The gist of my provocation was that too often we focus on the technology and not the values and actions which the technology makes possible: we look at the media, when we should be focusing on the social. I summarised four key values/actions: Share, Open, Free, Trust and cited lots of examples where innovative companies had changed the way they did business, or how social enterprises had altered people’s behaviours, as a result of these ‘SOFT’ characteristics.
Think of the way millions of people have regained control of their lives through health and well-being forums; the way companies are adopting cultures of ‘radical transparency’ because it not only makes good business sense, it’s become impossible to keep secrets any longer; the freedom to fail which companies like Google (with a 36% failure rate for new innovations) or 3M espouse, or the ‘Results Only Work Environment’, which grants employees the freedom to work where and when they want, so long as they do what they said they were going to do; and the re-affirmation of trust which makes all of this possible.

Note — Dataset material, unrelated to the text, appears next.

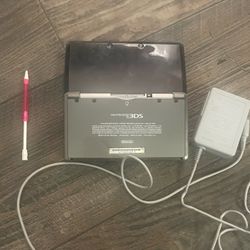 3DS with Stylus, Charger Nintendo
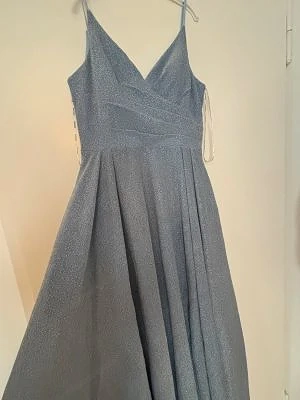 Elegantes Abendkleid   nur 1x getragen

My point was that we were told that these values and actions were for suckers – guarding intellectual property and keeping systems locked-down was the only business game in town. Similarly, schools couldn’t trust their students, partly because no-one trusts teachers, and accountability becomes what’s left over when trust has been removed.
But the genuine revolution which we’ve seen happen socially (and it’s as much an intellectual revolution as a technological one) has confounded all the experts and naysayers. Great learning takes place with every retweet, every TeachMeet and every Open Space technology ‘unconference’. And those comapnies, schools and universities who are daring to embrace the notion of a Global Learning Commons are seeing performance (financial and academic) flourish not flounder, through removing the physical and psychological ‘enclosures’ which we’ve all inhabited for far too long.
When I asked people what was stopping us from bringing these values and actions into our own places of work, the answers were enlightening: a lack of courage and vision; a focus on the individual, not the group; hierarchies belonging to an industrial age; and the ‘protection’ of knowledge, as a means of protecting empires. One great teacher in a Sydney school said that he couldn’t think of a single instance where Share, Open, Free, Trust could be found in his school.
One of the unique features of the evening was the mix of people,and the learning they’re responsible for. Teachers shared ideas with company learning officers, social entrepreneurs and museum educators. These kinds of exchanges rarely take place, but I firmly believe this is how we get innovation to scale up quickly – by looking outside our immediate enclosures.
Businesses that are going ‘social’ and schools that are becoming more open and democratic, are taking the lessons learned in the social spaces, and putting them into formal learning, with outstanding success.
There just aren’t nearly enough of them. But, if we can spread the ideas which bounced around the room that night more widely, then we might start to see the kind of changes Ken Robinson called for.